34.   Les associés ont signé un pacte qui inclut différentes clauses d’exclusivité et de non- concurrence entre les sociétés mères et l’entreprise commune. Celles-ci peuvent être considérées comme directement liées et nécessaires à l’opération notifiée, à l’exception de l’interdiction faite à Faceo, pendant une période de 18 mois après avoir perdu sa qualité d’associé, d’acquérir une quelconque participation dans une société qui effectuerait des prestations de même nature que l’entreprise commune. Cette restriction n’est directement liée et nécessaire à l’opération que dans la limite où elle n’empêche pas Faceo d’acheter des parts sociales uniquement à des fins d’investissement, sans que cela lui confère, directement ou indirectement, des fonctions de direction ou une influence substantielle dans l’entreprise concurrente.

 

DECIDE

Article unique : L’opération notifiée sous le numéro 10-0051 est autorisée.

 

 

 

 

 

 

 

1 Voir la lettre du ministre de l’économie n°C2007-130 du 25 septembre 2007. Il convient cependant de préciser que le groupe Vinci a notifié le 22 juin 2010 à L’Autorité de la concurrence le projet de prise de contrôle exclusif du groupe Faceo.

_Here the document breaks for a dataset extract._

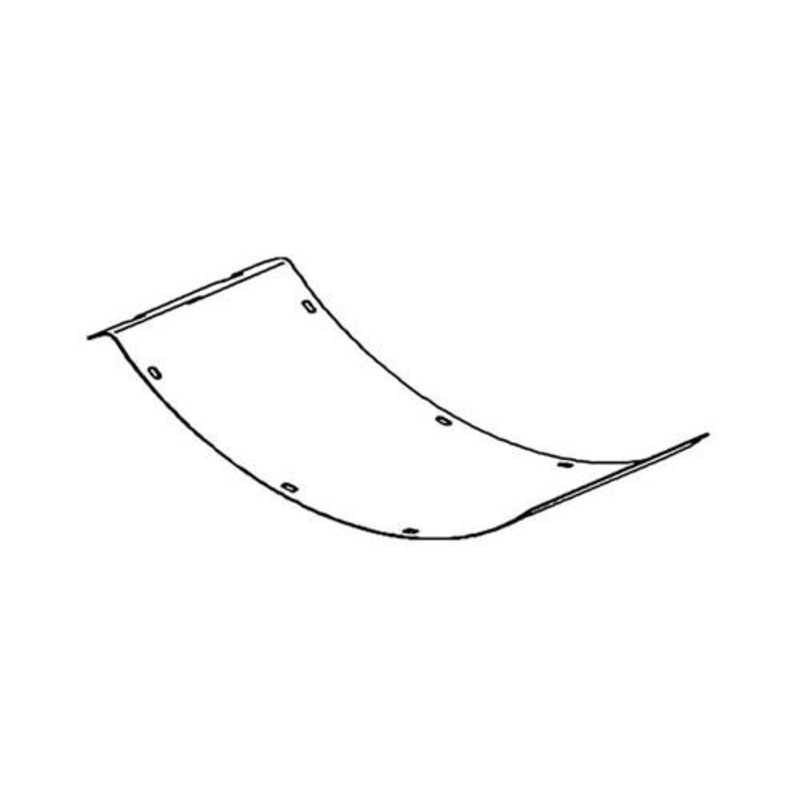 Grate Cover Plate fits International 1480 1482 CPGIHC1480 fits Case IH 1680 1682 1688 2188 2388 2588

2 66 % du capital de la société Ceritex était indirectement détenu par monsieur X et sa famille, via la société Sofinord.

3 Voir les décisions de l’Autorité de la concurrence n°09-DCC-19 du 20 juillet 2009 et n°09-DCC-33 du 30 juillet 2009 ainsi que la lettre du ministre de l’économie, de l’emploi et des finances n°C2007-130 du 25 septembre 2007.

4 Décisions de la Commission européenne COMP/M.2063 SEI Mitsubishi Electric/JV du 21 août 2000 et COMP/M.3172 Ferrovial/Amy du 27 mai 2003.

5 Décisions de l’Autorité de la concurrence n°09-DCC-19 du 20 juillet 2009 et n°09-DCC-33 du 30 juillet 2009. 6 Décisions de l’Autorité de la concurrence n°09-DCC-19 du 20 juillet 2009 et n°09-DCC-33 du 30 juillet 2009. 7 Décisions de l’Autorité de la concurrence n°09-DCC-19 du 20 juillet 2009 et n°09-DCC-33 du 30 juillet 2009.

8 Décisions de la Commission européenne COMP/M.2063 et COMP/M.3172 précitées.

9 Décisions de l’Autorité de la concurrence n°09-DCC-19 du 20 juillet 2009 et n°09-DCC-33 du 30 juillet 2009.

10 Voir les Lignes directrices de l’Autorité de la concurrence relatives au contrôle des concentrations, paragraphe 400.

11 Source : Guide Facilities 2010.

12 Source : Etude Eurostaf : le marché français du facilities management, 2009.